Down to the last line, set down the material below exactly; skip the pictures.

→ Supplied data
=== Section Start ===

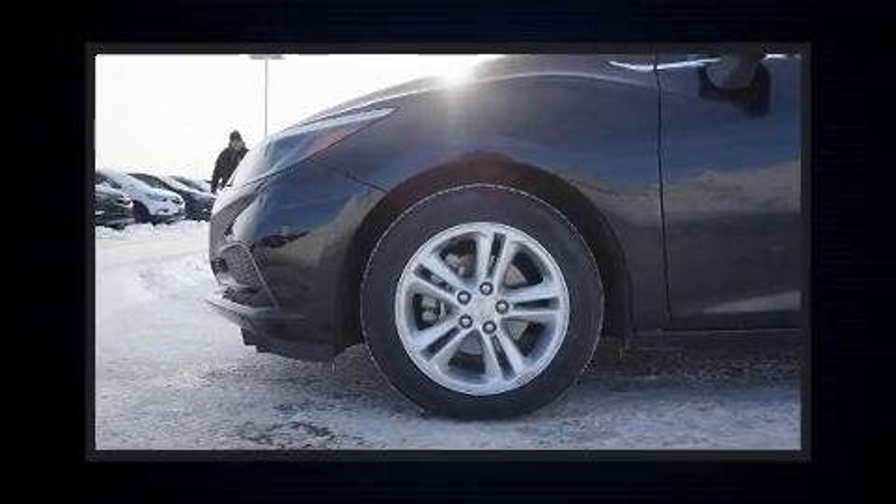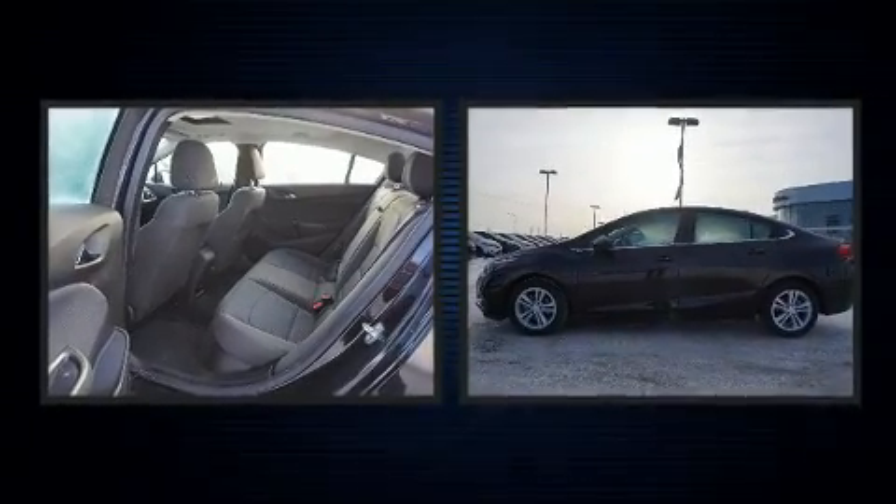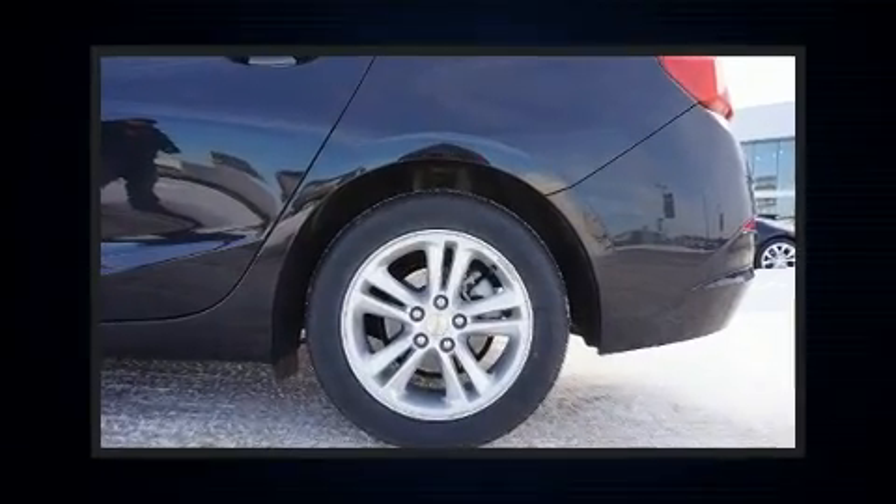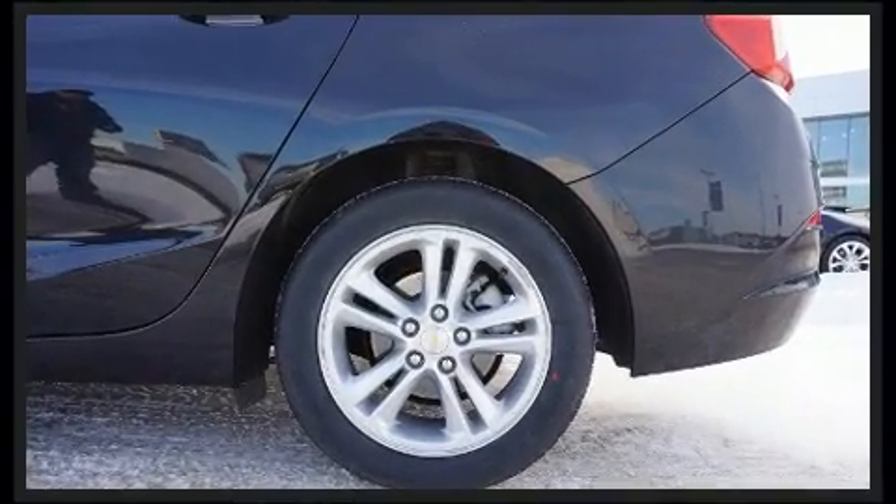Get excited about the 2018 Chevrolet Cruze. This four-door, five-passenger sedan still has less than 15,000 kilometers. It features an automatic transmission, front-wheel drive, and an efficient four-cylinder engine.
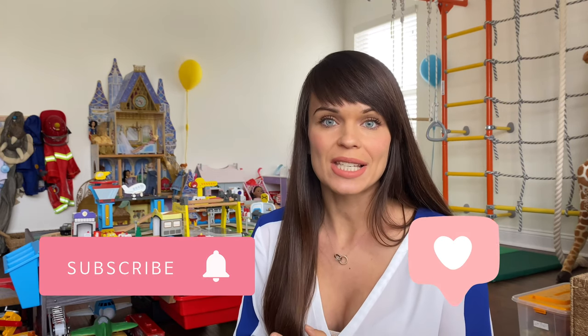Hey guys, this is Maria. Welcome back to my channel. In today's video, I will be sharing my son's, who's almost four years old, favorite toys and also what I am getting him for his birthday this year.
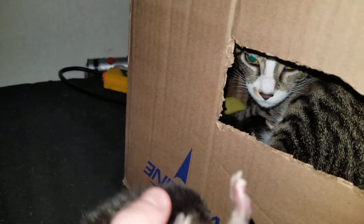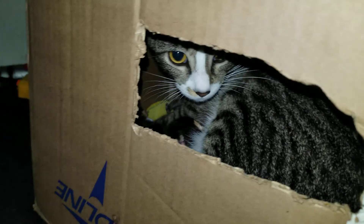Here's one of her young. She had five kittens. There you go, buddy.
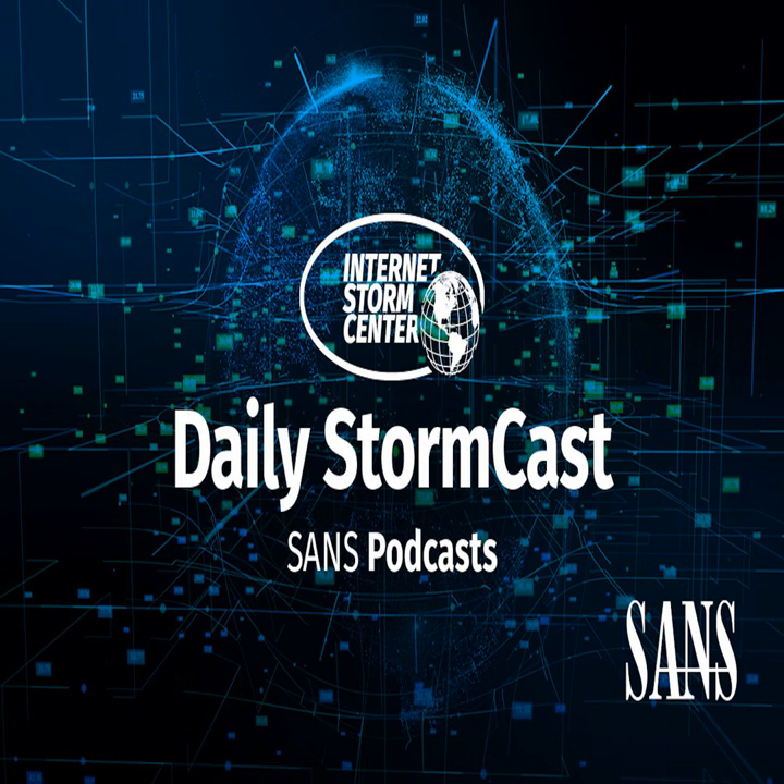Hello and welcome to the Tuesday, June 27th, 2023 edition of the SANS Internet Storm Center's Stormcast. My name is Johannes Ulrich and today I'm recording from Stockheim, Germany.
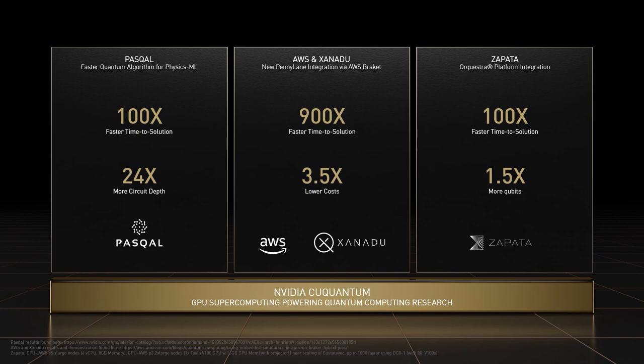Zapata has integrated cuQuantum into their Orquestra platform for building and deploying quantum-ready applications. Using the cuQuantum SDK, an 8-GPU system is projected to deliver more than 100x speedup over their previous results, as well as to enable the simulation of 1.5 times more qubits.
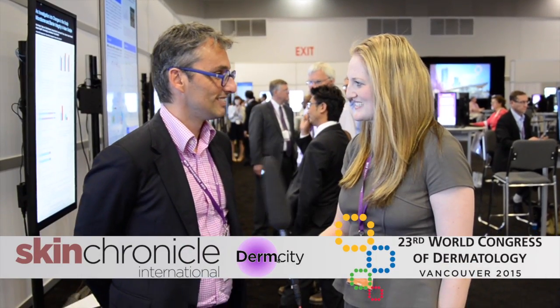Hi, can you introduce yourself please? Yes, I'm Luke Aguilar. I'm responsible for the biological and clinical research of L'Oreal Research.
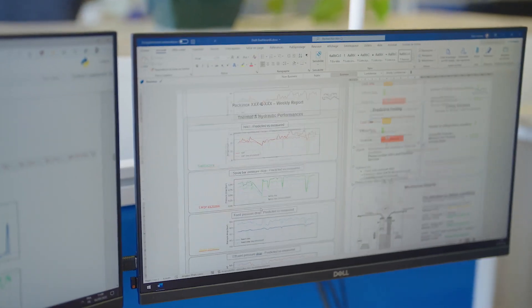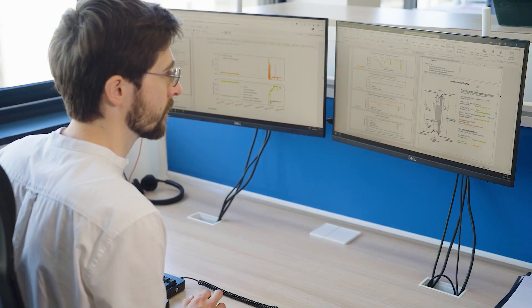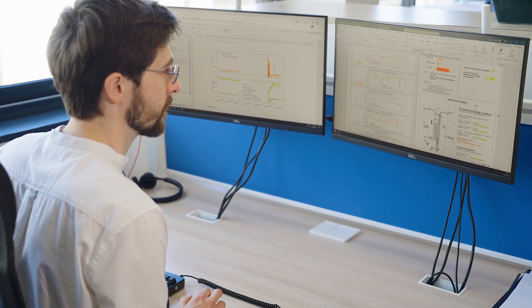This dashboard gives supervisors a detailed view of the operation and condition of the heat exchanger, and informs them well in advance when maintenance will be required.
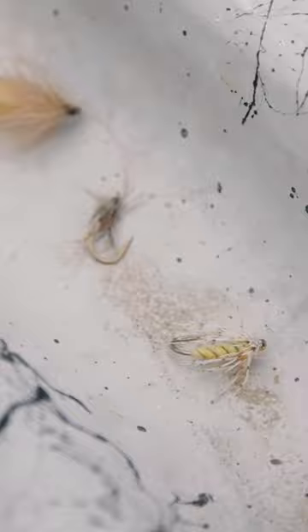We have a skittering caddis, a baitus, and a PMD. In my mind, the caddis are king.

=== Section End ===

→ Response
Get excited about the 2018 Chevrolet Cruze. This four-door, five-passenger sedan still has less than 15,000 kilometers. It features an automatic transmission, front-wheel drive, and an efficient four-cylinder engine.
Hey guys, this is Maria. Welcome back to my channel. In today's video, I will be sharing my son's, who's almost four years old, favorite toys and also what I am getting him for his birthday this year.
Here's one of her young. She had five kittens. There you go, buddy.
Hello and welcome to the Tuesday, June 27th, 2023 edition of the SANS Internet Storm Center's Stormcast. My name is Johannes Ulrich and today I'm recording from Stockheim, Germany.
Zapata has integrated cuQuantum into their Orquestra platform for building and deploying quantum-ready applications. Using the cuQuantum SDK, an 8-GPU system is projected to deliver more than 100x speedup over their previous results, as well as to enable the simulation of 1.5 times more qubits.
Hi, can you introduce yourself please? Yes, I'm Luke Aguilar. I'm responsible for the biological and clinical research of L'Oreal Research.
This dashboard gives supervisors a detailed view of the operation and condition of the heat exchanger, and informs them well in advance when maintenance will be required.
We have a skittering caddis, a baitus, and a PMD. In my mind, the caddis are king.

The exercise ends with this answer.